Your assignment — Please copy each line of the records below that holds the word "Strap".

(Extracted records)
Segment Open
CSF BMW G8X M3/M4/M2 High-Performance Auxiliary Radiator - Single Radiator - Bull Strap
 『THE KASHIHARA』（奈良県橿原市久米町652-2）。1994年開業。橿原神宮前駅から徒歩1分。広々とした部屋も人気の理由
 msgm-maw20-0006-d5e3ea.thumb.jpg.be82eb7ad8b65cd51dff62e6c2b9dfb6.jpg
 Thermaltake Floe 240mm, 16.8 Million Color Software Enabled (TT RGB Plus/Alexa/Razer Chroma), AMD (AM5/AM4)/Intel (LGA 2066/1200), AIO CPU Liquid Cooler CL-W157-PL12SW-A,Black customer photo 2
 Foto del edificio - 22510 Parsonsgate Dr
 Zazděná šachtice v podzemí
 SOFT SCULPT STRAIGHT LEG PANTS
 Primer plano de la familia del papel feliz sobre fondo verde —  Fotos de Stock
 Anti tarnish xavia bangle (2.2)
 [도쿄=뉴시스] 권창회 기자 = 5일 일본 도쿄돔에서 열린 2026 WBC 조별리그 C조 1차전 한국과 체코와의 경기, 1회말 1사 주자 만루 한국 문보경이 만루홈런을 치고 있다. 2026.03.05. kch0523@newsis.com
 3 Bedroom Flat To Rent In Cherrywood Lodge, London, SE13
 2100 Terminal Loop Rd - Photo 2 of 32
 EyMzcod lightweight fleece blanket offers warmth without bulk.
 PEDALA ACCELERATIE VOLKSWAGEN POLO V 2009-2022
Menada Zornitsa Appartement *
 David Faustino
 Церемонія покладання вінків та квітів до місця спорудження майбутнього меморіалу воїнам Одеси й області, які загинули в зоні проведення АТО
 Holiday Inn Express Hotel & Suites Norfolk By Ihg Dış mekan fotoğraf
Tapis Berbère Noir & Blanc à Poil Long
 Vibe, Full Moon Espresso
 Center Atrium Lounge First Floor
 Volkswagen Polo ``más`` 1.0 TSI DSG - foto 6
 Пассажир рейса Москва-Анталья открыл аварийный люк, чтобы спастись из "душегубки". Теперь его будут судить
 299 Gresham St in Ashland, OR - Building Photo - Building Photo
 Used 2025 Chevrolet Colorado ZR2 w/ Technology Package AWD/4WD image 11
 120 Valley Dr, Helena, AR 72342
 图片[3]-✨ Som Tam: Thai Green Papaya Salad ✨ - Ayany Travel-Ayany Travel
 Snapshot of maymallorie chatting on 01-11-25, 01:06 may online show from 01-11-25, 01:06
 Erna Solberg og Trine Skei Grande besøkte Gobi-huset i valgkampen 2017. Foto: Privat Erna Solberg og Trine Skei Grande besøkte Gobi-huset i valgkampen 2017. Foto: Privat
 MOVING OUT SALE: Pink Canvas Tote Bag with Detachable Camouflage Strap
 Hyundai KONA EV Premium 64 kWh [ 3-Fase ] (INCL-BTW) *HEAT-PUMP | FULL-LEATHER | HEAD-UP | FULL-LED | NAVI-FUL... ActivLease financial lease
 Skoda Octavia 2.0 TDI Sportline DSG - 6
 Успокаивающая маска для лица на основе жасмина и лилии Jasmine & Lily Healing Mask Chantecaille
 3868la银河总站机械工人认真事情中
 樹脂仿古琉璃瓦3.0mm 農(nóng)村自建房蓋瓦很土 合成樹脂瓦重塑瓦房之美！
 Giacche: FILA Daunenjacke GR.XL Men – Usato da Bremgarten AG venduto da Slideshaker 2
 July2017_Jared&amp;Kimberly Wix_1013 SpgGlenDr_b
Segment Closed
Your solution —
CSF BMW G8X M3/M4/M2 High-Performance Auxiliary Radiator - Single Radiator - Bull Strap
 MOVING OUT SALE: Pink Canvas Tote Bag with Detachable Camouflage Strap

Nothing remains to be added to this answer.